__Data supplied__:
--- --- ---
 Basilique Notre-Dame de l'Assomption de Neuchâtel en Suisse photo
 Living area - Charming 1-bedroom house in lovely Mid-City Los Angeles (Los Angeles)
--- --- ---
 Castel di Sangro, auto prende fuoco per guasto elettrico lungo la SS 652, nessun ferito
--- --- ---
Start with the line above that contains "Basilique Notre-Dame de" and stop after the line that contains "Living area - Charming". Output those lines exactly, and only those.

__Result of this task__:
 Basilique Notre-Dame de l'Assomption de Neuchâtel en Suisse photo
 Living area - Charming 1-bedroom house in lovely Mid-City Los Angeles (Los Angeles)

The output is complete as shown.